In den Lesenden-Kommentaren gab es engagierte Reaktionen und es wurde deutlich - sowohl im Artikel als auch in den Briefen - wenn so etwas von den Regierenden initiiert wird, besteht die Gefahr, dass am Ende das Geld innerhalb der vermögenden Kaste herumgeschoben wird und die wirklich Bedürftigen einmal wieder das Nachsehen haben.

"Einer trage des Anderen Last, so werdet ihr das Gesetz Christi erfüllen." - so steht es im Brief des Paulus an die Galater.

Das klingt so einfach: Ich trage deine Tasche, du trägst meine Tasche, wir teilen die Last.
In Wirklichkeit gilt es aber oft ein ziemlich dickes Brett zu bohren.

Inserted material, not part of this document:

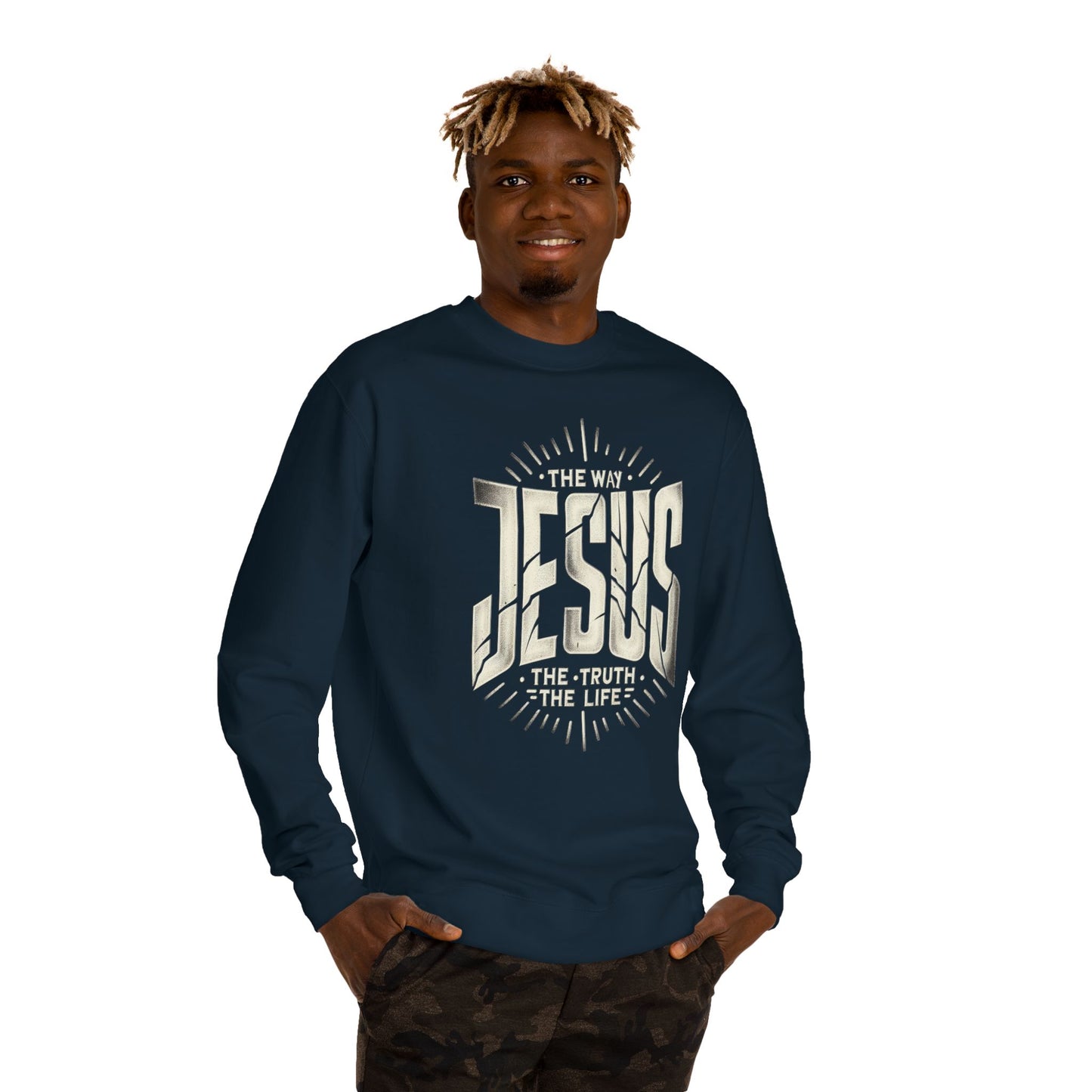 Jesus "The Way, The Truth, The Life" Sweatshirt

Wer ist denn nicht belastet durch Arbeit, Familie, finanzielle Sorgen, gesundheitliche Probleme und alle möglichen Alltagsbaustellen rund um Wohnung (Garten) und vielleicht Fahrzeug?

Und plötzlich soll man außerdem noch zunehmend für die klappriger werdenden Eltern sorgen, der depressiven Freundin ein umfangreiches Gesprächsangebot machen, sich für Geflüchtete einsetzen, in der Klassenpflegschaft mitarbeiten, den mit dem Auto liegengebliebenen Freund abschleppen und dem mit den beiden linken Händen ein Loch in die Wand bohren. Der Tag hat nur 24 Stunden und viele müssen acht davon arbeiten, acht davon schlafen, etwa zwei davon essen und eine halbe auf Körperpflege anwenden. Bleiben noch 5 ½ Stunden für die täglichen Reproduktionsarbeiten (einkaufen, kochen, spülen, waschen, bügeln, putzen), die Betreuung der Kinder, die Zuwendung zum / zur Partner*in, die eigene Regeneration beim Sport, Lesen, Treffen mit Freund*innen, Fernsehen oder Hobbys und schließlich für die, die unsere Hilfe brauchen. Das geht also nur, indem wir etwas rauskegeln oder verknappen, das eigentlich notwendig wäre und dass wir straff organisieren. Puh. Und dann werden wir selbst bedürftig.

Aber ja: wer Lebenszeit und Kraft verschenkt, der wird auch deutlich besser unterstützt, wenn er/sie selbst mit seinen/ihren Kräften am Ende ist.

Und so ist es wohl auch mit dem Lastenausgleich in der Coronakrise. Warum gibt es immer noch kein offizielles Hilfskonto, auf das diejenigen, die etwas übrig haben, beliebige Beträge überweisen können? Viele wären durchaus bereit, etwas abzugeben. Dann müsste der Staatshaushalt nicht so stark belastet werden und die Hilfen könnten großzügiger und unbürokratischer an diejenigen gehen, deren wirtschaftliche Existenz bedroht ist.

Wenn die Politik noch lange zaudert, wird die Armut sich ausbreiten und die Abwärtsspirale wird nicht so bald aufzuhalten sein. Schade, dass Teilen ausgerechnet bei den Mächtigen noch immer als so absolut unsexy gilt, vor allem, wenn es sie selbst betrifft.